The U.S. Attorney's Office today unsealed an indictment charging four Russians and a Ukrainian with a multi-million hacking scheme that netted 160 million credit card numbers from several major American and international corporations.

The charges stem from hacking attacks dating back to 2005 against several global brands, including the NASDAQ exchange, 7-Eleven, JC Penney, Hannaford, Heartland, JetBlue, Dow Jones, Euronet, Visa Jordan, Global Payment, Diners Singapore and Ingenicard.

Hackers Charged in Fraud OperationAccording to the indictment (PDF) unsealed today in Newark federal court, the five men each served particular roles in the scheme:

- Vladimir Drinkman, 32, of Syktyykar and Moscow, Russia, and Alexandr Kalinin, 26, of St. Petersburg, Russia, each allegedly specialized in penetrating networks and gaining access to the corporate victims' systems.

- Roman Kotov, 32, of Moscow, allegedly specialized in mining the networks  compromised by Drinkman and Kalinin to steal valuable data.

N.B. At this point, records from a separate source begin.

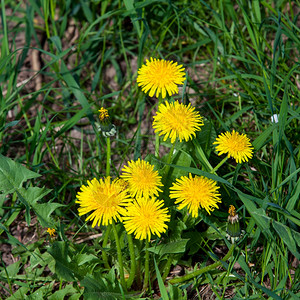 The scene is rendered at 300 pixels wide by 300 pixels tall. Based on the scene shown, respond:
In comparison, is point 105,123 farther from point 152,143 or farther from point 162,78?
point 152,143

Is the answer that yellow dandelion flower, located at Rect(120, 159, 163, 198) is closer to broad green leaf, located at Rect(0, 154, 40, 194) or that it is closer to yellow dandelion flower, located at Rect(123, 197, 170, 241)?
yellow dandelion flower, located at Rect(123, 197, 170, 241)

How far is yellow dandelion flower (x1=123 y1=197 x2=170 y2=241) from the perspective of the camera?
5.31 ft

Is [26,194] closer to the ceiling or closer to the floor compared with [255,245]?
closer to the ceiling

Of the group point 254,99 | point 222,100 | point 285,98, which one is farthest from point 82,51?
point 285,98

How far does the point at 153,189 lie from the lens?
1698 millimetres

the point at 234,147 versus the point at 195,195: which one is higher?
the point at 234,147

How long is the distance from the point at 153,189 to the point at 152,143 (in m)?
1.01

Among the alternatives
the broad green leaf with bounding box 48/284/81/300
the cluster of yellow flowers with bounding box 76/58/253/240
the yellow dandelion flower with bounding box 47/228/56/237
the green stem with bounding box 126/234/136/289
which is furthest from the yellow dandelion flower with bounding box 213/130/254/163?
the broad green leaf with bounding box 48/284/81/300

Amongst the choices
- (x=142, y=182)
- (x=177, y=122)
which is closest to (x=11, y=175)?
(x=142, y=182)

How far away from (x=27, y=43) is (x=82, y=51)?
16.2 inches

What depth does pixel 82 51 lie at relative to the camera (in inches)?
123

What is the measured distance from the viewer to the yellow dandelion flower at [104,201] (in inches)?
64.0

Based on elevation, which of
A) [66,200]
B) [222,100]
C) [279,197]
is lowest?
[66,200]

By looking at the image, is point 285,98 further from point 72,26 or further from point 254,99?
point 72,26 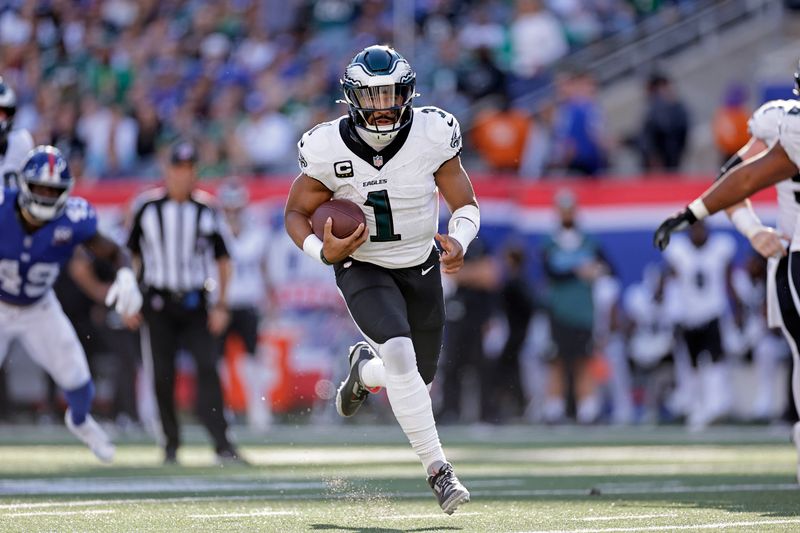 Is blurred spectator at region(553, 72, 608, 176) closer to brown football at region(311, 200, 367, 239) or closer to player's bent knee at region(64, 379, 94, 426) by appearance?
player's bent knee at region(64, 379, 94, 426)

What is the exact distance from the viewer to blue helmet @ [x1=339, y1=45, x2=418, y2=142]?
19.6 ft

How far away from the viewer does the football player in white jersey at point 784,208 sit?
20.9ft

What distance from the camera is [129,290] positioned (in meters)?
7.80

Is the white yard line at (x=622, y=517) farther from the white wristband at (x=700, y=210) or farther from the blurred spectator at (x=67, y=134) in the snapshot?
the blurred spectator at (x=67, y=134)

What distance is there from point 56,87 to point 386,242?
1178cm

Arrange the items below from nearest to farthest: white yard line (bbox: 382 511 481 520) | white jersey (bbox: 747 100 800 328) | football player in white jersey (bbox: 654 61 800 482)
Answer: white yard line (bbox: 382 511 481 520) → football player in white jersey (bbox: 654 61 800 482) → white jersey (bbox: 747 100 800 328)

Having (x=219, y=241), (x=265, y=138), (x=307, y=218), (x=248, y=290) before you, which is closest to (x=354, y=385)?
(x=307, y=218)

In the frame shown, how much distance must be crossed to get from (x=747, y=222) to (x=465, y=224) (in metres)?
1.49

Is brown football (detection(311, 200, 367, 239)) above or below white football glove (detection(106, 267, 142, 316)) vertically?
above

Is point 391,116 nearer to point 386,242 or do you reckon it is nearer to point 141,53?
point 386,242

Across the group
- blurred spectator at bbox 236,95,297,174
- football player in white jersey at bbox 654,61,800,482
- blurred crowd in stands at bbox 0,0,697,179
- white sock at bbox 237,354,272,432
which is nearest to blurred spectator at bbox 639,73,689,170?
blurred crowd in stands at bbox 0,0,697,179

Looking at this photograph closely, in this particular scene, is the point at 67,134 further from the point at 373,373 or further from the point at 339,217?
the point at 339,217

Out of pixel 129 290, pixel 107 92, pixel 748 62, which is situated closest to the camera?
pixel 129 290

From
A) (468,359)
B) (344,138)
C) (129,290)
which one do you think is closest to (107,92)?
(468,359) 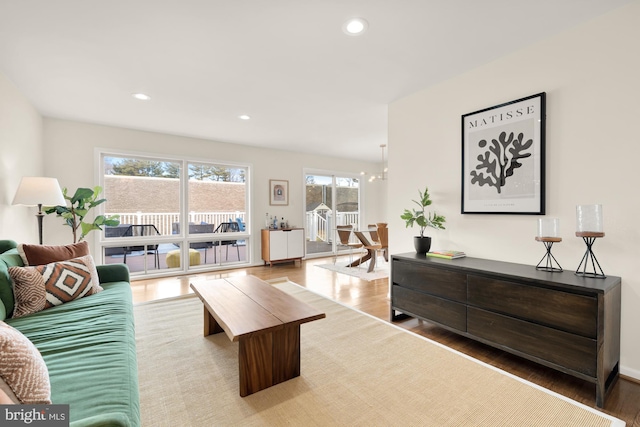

- Mikhail Rytikov, 26, of Odessa, Ukraine, allegedly offered anonymous web-hosting services for the others to hide their illegal activities.

- Dmitriy Smilianets, 29, of Moscow, allegedly sold the information stolen by the other conspirators and distributed the proceeds of the scheme to the participants.

Drinkman and Kalinin were previously charged as “Hacker 1” and “Hacker 2” in the famous case against Albert Gonzalez, who is now serving 20 years in jail in connection with a series of high-profile data breaches, including a massive breach at TJX.

Two of the five men -- Drinkman and Smilianets -- were arrested while traveling in the Netherlands last year and have been extradited to the U.S. to face charges. The other three remain at large.

According to court documents, the group allegedly took user names and passwords, means of identification, credit and debit card numbers and other corresponding personal identification information of cardholders.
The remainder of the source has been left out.